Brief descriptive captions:
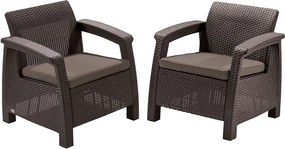 Zestaw ogrodowy foteli CORFU brązowe + szaro-brązowe poduszk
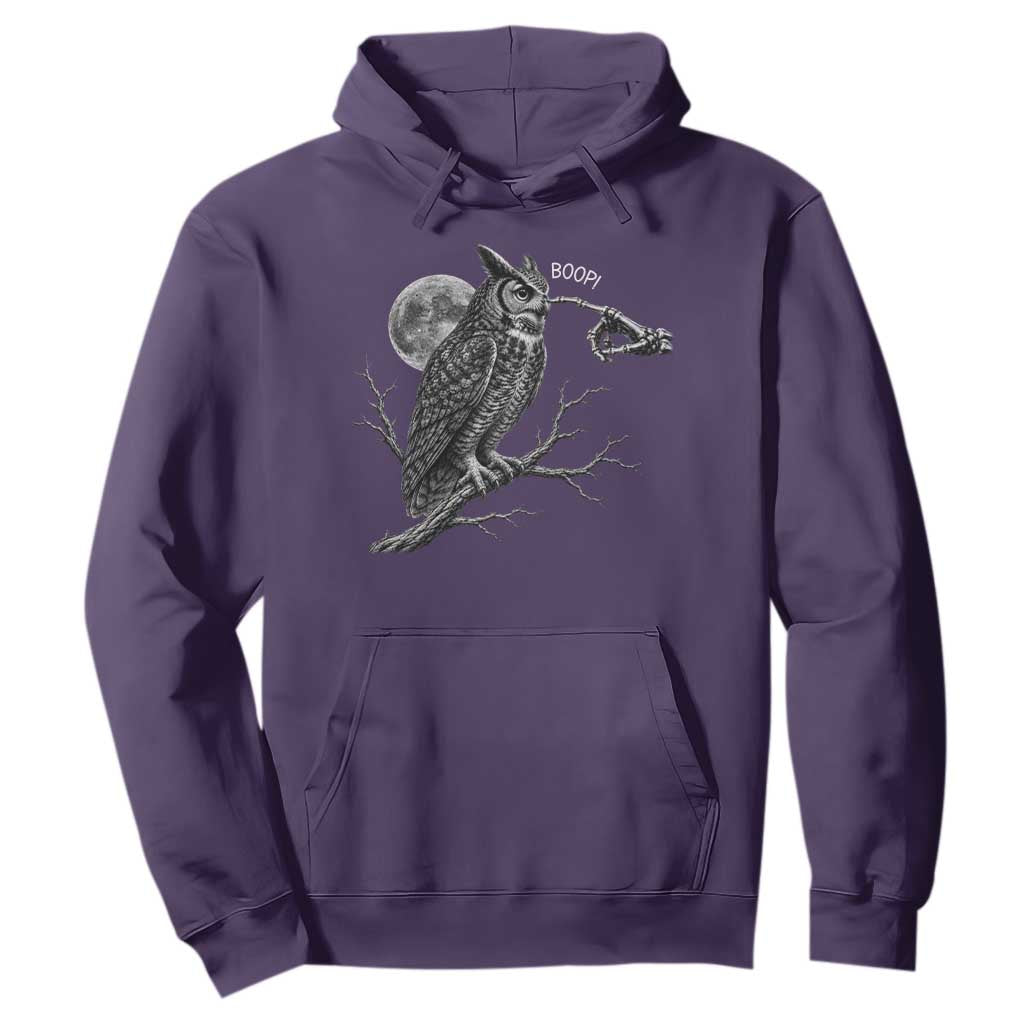 Skeleton Hand Boop Owl Hoodie Funny Spooky Halloween Moon Graphic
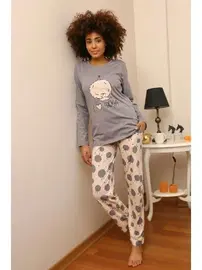 Akbeniz Yuvarlak Yaka Penye Uzun Kollu Kadın Pijama Takım Akbeniz 4186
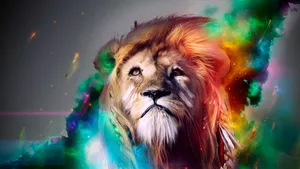 An abstract lion wallpaper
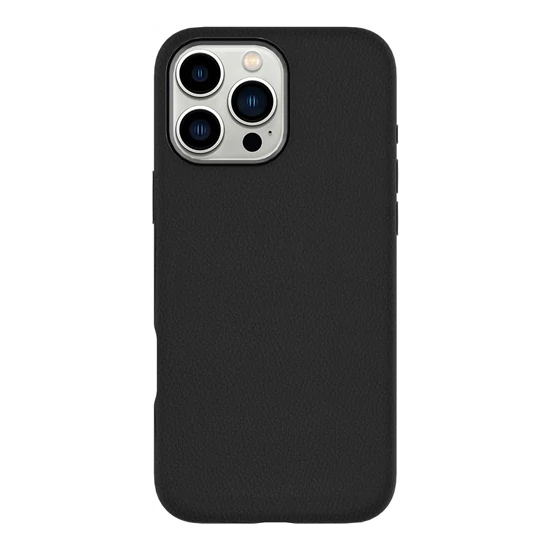 eSTUFF INFINITE Venice fekete bőr tok iPhone 16 Pro
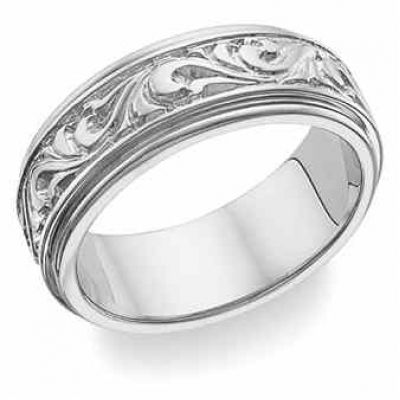 18K White Gold Paisley Design Wedding Band Ring -  - UDB-3W-18K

# Try it:
Restate exactly, please, only the lines between the start of the data and the line containing "eSTUFF INFINITE Venice", both ends included, skipping the pictures.

# Output for this exercise:
 Zestaw ogrodowy foteli CORFU brązowe + szaro-brązowe poduszk
 Skeleton Hand Boop Owl Hoodie Funny Spooky Halloween Moon Graphic
 Akbeniz Yuvarlak Yaka Penye Uzun Kollu Kadın Pijama Takım Akbeniz 4186
 An abstract lion wallpaper
 eSTUFF INFINITE Venice fekete bőr tok iPhone 16 Pro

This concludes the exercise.